Powered by a Bristol Perseus XII radial engine of 890 hp, the Skua was armed with 4 x .303 in forward firing Browning machine guns and a single flexibly mounted .303 in Lewis or Vickers K machine gun in the rear cockpit. It also had the capacity to carry a 500 lb bomb mounted under the fuselage and up to 4 x 40 lb or 8 x 20 lb bombs in racks under each wing.

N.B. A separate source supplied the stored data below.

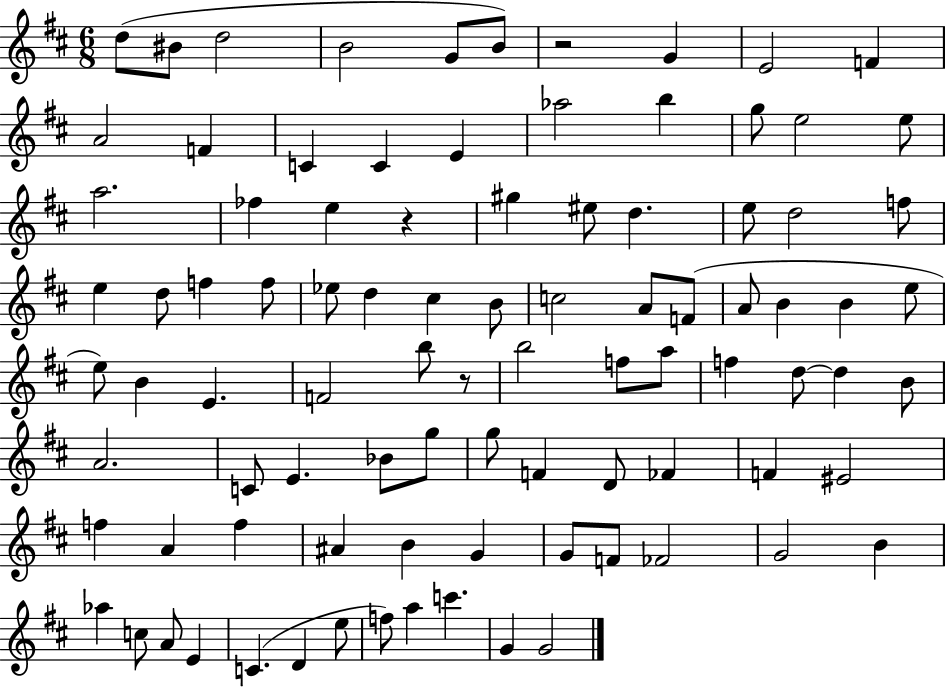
{
  \clef treble
  \numericTimeSignature
  \time 6/8
  \key d \major
  d''8( bis'8 d''2 | b'2 g'8 b'8) | r2 g'4 | e'2 f'4 | \break a'2 f'4 | c'4 c'4 e'4 | aes''2 b''4 | g''8 e''2 e''8 | \break a''2. | fes''4 e''4 r4 | gis''4 eis''8 d''4. | e''8 d''2 f''8 | \break e''4 d''8 f''4 f''8 | ees''8 d''4 cis''4 b'8 | c''2 a'8 f'8( | a'8 b'4 b'4 e''8 | \break e''8) b'4 e'4. | f'2 b''8 r8 | b''2 f''8 a''8 | f''4 d''8~~ d''4 b'8 | \break a'2. | c'8 e'4. bes'8 g''8 | g''8 f'4 d'8 fes'4 | f'4 eis'2 | \break f''4 a'4 f''4 | ais'4 b'4 g'4 | g'8 f'8 fes'2 | g'2 b'4 | \break aes''4 c''8 a'8 e'4 | c'4.( d'4 e''8 | f''8) a''4 c'''4. | g'4 g'2 | \break \bar "|."
}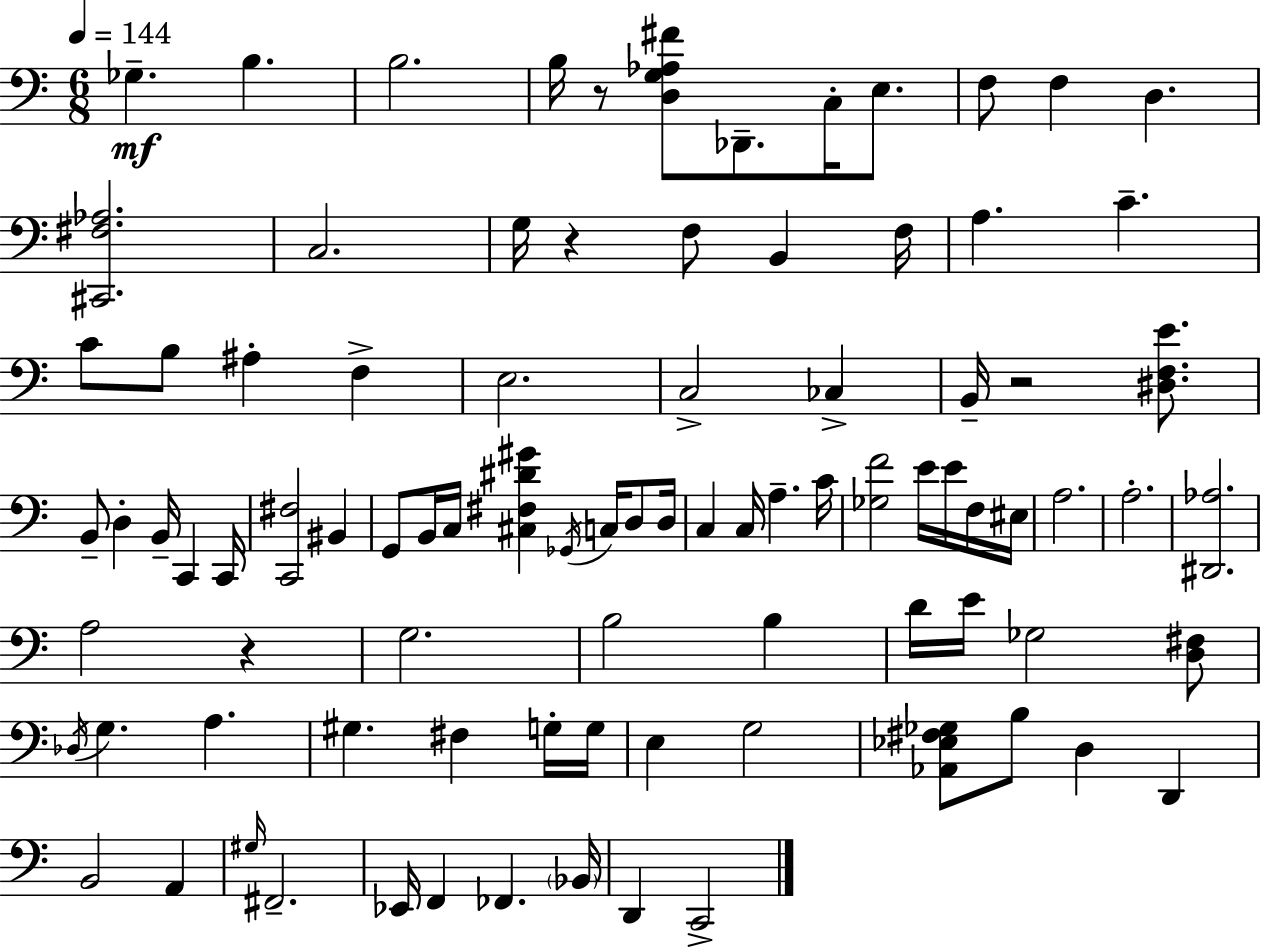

Skuas were soon in action following the outbreak of the Second World War. Two particularly memorable moments were on 26th September when three aircraft launched from HMS Ark Royal shot down a Dornier DO18 flying boat over the North Sea, and in April of the following year when 16 Skuas flying from the Orkney Islands sank the German cruiser Konigsberg in Bergen harbour – the first major warship sunk by air attack in war. The Skua performed reasonably well in air combat against enemy bombers in Norway and the Mediterranean but suffered heavy losses against fighters and was withdrawn from the front line in 1941. Thereafter, it was used as a target tug and navy trainer until March 1945 when the last aircraft was withdrawn from Service.
The Skua was operated by no fewer that 25 naval air squadrons at one time or another. Of the 192 aircraft built, there are but two partial survivors. One is being recovered to static display standard at Norway’s air museum in Bodo and restoration of the cockpit section of another is under way at the Fleet Air Arm Museum, Yeovilton.